» **Entries shown**

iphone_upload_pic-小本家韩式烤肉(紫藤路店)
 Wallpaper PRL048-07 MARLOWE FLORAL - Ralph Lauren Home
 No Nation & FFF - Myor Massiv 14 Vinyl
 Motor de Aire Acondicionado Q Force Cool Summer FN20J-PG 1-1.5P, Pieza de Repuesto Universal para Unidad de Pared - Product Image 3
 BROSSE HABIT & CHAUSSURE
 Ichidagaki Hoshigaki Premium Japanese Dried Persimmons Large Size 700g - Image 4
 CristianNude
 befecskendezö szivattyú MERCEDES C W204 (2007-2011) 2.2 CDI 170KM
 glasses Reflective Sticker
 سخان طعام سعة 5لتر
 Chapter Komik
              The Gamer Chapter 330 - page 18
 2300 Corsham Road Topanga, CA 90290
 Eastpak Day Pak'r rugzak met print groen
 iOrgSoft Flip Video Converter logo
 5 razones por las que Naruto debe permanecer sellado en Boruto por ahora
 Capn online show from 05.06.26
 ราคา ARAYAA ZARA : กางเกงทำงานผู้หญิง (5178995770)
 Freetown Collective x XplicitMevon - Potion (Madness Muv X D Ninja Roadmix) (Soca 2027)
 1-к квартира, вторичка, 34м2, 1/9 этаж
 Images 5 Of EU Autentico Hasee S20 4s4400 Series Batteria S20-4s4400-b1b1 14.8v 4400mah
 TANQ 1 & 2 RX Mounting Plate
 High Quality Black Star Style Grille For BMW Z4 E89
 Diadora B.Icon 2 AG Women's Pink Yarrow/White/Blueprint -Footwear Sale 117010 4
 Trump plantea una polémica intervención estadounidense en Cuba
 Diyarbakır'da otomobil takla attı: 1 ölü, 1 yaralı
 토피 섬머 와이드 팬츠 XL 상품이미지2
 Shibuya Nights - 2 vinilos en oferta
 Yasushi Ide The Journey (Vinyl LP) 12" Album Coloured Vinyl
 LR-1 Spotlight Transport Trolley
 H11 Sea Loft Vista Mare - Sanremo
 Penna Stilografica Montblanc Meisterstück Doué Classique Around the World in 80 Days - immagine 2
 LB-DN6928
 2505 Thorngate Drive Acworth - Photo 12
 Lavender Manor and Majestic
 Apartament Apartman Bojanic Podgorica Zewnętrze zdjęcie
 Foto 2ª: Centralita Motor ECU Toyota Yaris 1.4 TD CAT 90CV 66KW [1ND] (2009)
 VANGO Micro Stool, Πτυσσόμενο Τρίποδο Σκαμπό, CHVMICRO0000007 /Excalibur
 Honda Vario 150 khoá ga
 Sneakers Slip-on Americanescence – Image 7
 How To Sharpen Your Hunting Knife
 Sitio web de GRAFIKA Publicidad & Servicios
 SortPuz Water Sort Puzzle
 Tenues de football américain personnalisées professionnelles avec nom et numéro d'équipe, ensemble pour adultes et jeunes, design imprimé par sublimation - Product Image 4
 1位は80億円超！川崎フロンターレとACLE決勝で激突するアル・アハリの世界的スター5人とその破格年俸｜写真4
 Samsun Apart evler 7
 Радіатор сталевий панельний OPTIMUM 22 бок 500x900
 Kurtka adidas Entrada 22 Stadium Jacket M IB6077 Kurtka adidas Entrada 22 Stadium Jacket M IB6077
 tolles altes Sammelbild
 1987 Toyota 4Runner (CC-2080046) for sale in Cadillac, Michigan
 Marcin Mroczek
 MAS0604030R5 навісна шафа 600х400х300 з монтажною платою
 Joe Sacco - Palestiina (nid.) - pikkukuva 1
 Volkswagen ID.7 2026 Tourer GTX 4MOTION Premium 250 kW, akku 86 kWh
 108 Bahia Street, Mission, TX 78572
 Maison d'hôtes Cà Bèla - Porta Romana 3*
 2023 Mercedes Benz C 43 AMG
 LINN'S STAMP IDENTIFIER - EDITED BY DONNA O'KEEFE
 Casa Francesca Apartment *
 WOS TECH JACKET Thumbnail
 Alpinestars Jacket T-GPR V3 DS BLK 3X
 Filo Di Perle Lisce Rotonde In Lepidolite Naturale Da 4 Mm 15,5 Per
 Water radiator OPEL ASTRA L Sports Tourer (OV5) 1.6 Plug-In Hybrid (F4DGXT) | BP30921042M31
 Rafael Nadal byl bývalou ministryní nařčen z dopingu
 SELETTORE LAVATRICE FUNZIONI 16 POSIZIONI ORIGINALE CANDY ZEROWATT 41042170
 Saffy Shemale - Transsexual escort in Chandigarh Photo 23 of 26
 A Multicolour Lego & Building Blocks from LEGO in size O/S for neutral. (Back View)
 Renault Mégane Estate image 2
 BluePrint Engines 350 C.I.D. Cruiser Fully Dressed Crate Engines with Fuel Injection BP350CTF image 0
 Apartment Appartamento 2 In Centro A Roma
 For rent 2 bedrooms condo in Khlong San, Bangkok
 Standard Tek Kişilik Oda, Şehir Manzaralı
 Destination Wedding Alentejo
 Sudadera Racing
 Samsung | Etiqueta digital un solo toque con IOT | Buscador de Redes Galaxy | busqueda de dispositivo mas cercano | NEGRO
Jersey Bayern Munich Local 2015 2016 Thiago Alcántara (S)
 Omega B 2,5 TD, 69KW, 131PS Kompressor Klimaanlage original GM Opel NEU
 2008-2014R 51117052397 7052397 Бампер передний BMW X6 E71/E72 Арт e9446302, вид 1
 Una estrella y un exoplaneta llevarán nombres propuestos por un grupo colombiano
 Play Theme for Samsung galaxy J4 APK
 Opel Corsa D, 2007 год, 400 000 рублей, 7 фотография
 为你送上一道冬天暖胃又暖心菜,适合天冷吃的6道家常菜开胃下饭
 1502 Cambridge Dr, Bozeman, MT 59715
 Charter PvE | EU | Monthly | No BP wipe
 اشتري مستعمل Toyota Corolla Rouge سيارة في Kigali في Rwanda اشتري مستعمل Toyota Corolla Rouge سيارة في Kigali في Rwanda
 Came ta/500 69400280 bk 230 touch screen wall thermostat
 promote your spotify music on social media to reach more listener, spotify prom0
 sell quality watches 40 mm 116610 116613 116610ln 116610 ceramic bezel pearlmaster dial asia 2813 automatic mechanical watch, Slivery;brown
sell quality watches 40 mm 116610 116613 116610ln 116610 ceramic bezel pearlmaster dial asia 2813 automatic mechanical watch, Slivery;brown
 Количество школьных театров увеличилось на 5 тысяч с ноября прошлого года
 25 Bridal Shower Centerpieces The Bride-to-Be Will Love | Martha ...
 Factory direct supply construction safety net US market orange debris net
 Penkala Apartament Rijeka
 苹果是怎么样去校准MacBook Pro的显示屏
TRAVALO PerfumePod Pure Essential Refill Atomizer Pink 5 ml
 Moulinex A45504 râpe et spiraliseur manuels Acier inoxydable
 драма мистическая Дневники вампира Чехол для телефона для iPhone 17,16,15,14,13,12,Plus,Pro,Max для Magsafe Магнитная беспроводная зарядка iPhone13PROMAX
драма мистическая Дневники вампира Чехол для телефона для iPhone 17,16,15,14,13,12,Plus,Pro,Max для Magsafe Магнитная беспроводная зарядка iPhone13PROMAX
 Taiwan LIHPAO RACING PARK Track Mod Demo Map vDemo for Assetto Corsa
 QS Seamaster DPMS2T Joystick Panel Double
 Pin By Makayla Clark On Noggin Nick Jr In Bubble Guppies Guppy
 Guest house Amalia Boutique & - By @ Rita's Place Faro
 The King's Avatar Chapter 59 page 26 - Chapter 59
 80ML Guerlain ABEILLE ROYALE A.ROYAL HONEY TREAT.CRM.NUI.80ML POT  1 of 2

» **Assignment**
Transcribe the lines above between the line holding "Joe Sacco - Palestiina (nid.) - pikkukuva 1" and the line holding "2023 Mercedes Benz C 43 AMG", inclusive, exactly as they stand and with nothing added.

» **Exercise response**
 Joe Sacco - Palestiina (nid.) - pikkukuva 1
 Volkswagen ID.7 2026 Tourer GTX 4MOTION Premium 250 kW, akku 86 kWh
 108 Bahia Street, Mission, TX 78572
 Maison d'hôtes Cà Bèla - Porta Romana 3*
 2023 Mercedes Benz C 43 AMG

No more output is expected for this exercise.